Replaced by opencode-config — typed setters for every config surface (servers, agents, permissions, plugins). Validates structure, prevents conflicts, maintains schema invariants.
Replaced by mcp-builder + plugin-builder — template-based scaffolding with auto-registration. New tools get the right structure, the right hook signatures, and the right config entries automatically.
Replaced by logdash + ES tools — domain-aware KQL building, structured log search, identifier resolution. The agent doesn't need to know Elasticsearch query syntax or log field names.
You don't build all of this on day one. The progression is organic and driven by friction.
Stage 1: Bash everything. The agent uses bash for all system interaction. You notice it constructs wrong paths, forgets to stage files, writes bad commit messages, runs destructive commands. You add instructions saying "always do X before Y" — and the agent sometimes follows them.
Stage 2: Notice patterns. You realize 80% of bash usage is the same five operations: read a file, edit a file, search for a pattern, commit changes, push to remote. The other 20% is long-tail commands you rarely need.
Stage 3: Extract to MCP. You build tools for the common operations. context_read replaces cat. git-ops_commit replaces git add && git commit. Each tool does one thing with validated inputs and structured outputs. Bash becomes the fallback for the long tail.
Stage 4: Add validation. Now that operations go through typed tools, you add domain logic. Commits require categories. File writes reject identical content. Publish requires XHTML lint pass. The tools enforce policies that instructions never could.
Stage 5: Add flow constraints. With named tools, you can build flows that restrict which tools are available in each phase. The agent in research mode can read but not write. The agent in publish mode can write wiki pages but not code.

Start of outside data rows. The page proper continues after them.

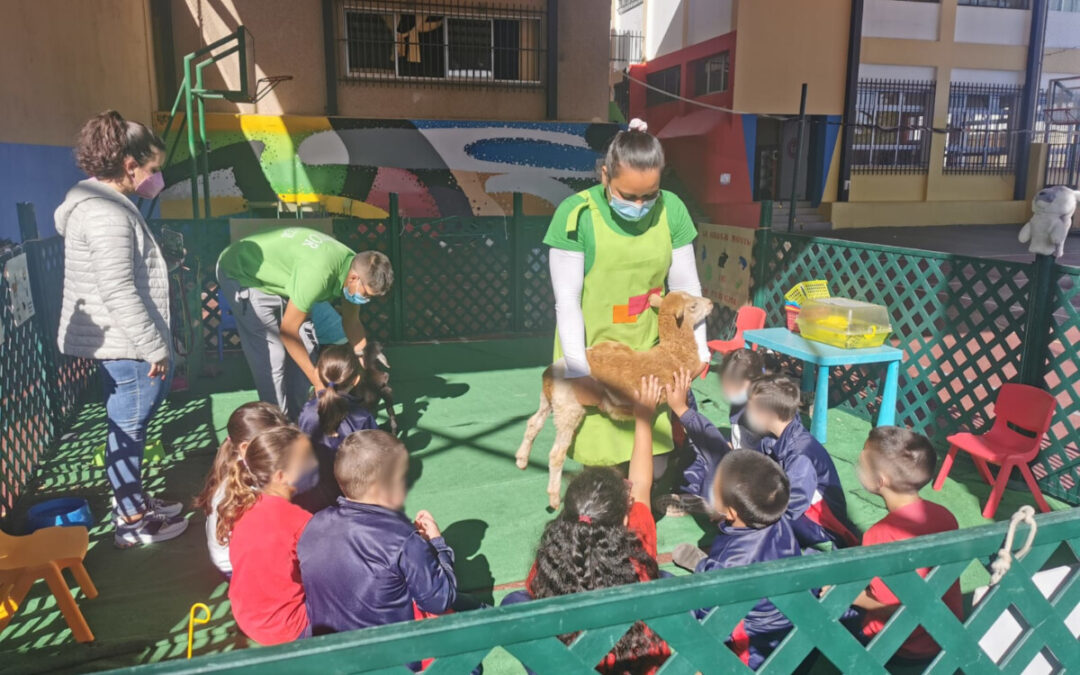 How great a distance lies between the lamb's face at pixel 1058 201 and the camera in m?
4.08

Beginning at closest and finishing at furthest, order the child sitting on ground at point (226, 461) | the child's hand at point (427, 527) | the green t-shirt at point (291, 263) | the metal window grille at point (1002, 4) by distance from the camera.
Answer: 1. the child sitting on ground at point (226, 461)
2. the child's hand at point (427, 527)
3. the green t-shirt at point (291, 263)
4. the metal window grille at point (1002, 4)

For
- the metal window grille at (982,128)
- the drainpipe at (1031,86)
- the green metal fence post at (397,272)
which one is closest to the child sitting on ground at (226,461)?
the green metal fence post at (397,272)

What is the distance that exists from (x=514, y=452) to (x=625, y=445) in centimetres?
161

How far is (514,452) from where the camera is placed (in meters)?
4.93

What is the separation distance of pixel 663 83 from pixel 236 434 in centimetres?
2108

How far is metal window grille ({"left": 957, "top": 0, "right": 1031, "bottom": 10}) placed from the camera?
765 inches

Capability becomes contextual.
Each MCP tool you build makes the next one easier and the overall system more capable. This isn't linear improvement — it compounds.
Once everything flows through MCPs, you get session analytics automatically. Which tools get used most? Which fail? How long do they take? The grounder server answers these questions by reading MCP call logs — no instrumentation required, because the protocol is the instrumentation.
Once tools have names, flows become possible. A YAML file listing phase names and allowed tools creates a constraint system that guides the agent through multi-step work without losing focus. You can't constrain bash phases — but you can constrain context_read vs context_write vs git-ops_commit.
MCP tools emit events that plugins can intercept. A tool-observer plugin can log every wiki publish. A tool-guard plugin can block dangerous operations. These hooks exist because the protocol surfaces tool calls as structured events — bash gives you nothing to hook into.
When tools write to disk instead of returning large content inline, conversation context stays clean. The agent works with file references instead of megabytes of XHTML. This isn't possible when bash dumps stdout directly into the conversation.
This is more work upfront. Building an MCP server for git operations takes longer than typing git commit in bash. Writing a context resolution system takes longer than using cd and ls.
Every MCP server is a project. Schema design, error handling, type safety, tests. You could have shipped the feature in bash in an afternoon. The investment feels extravagant.
The first time a commit tool catches a debug statement, it's paid for itself. The first time a flow constraint blocks the wrong edit, it's paid for itself. The first time you audit a week of sessions and see exactly what happened — you realize you built a control plane.
Bash is capability without control. MCPs are capability with control. The shell surface area doesn't disappear — it gets replaced by something you can see, constrain, audit, and evolve.
Don't fight the agent's need to interact with the system. Replace the channel it uses. Every bash command you extract into an MCP tool is a policy you can enforce, a metric you can track, and a capability you can scope. Cover the shell. Control the agent.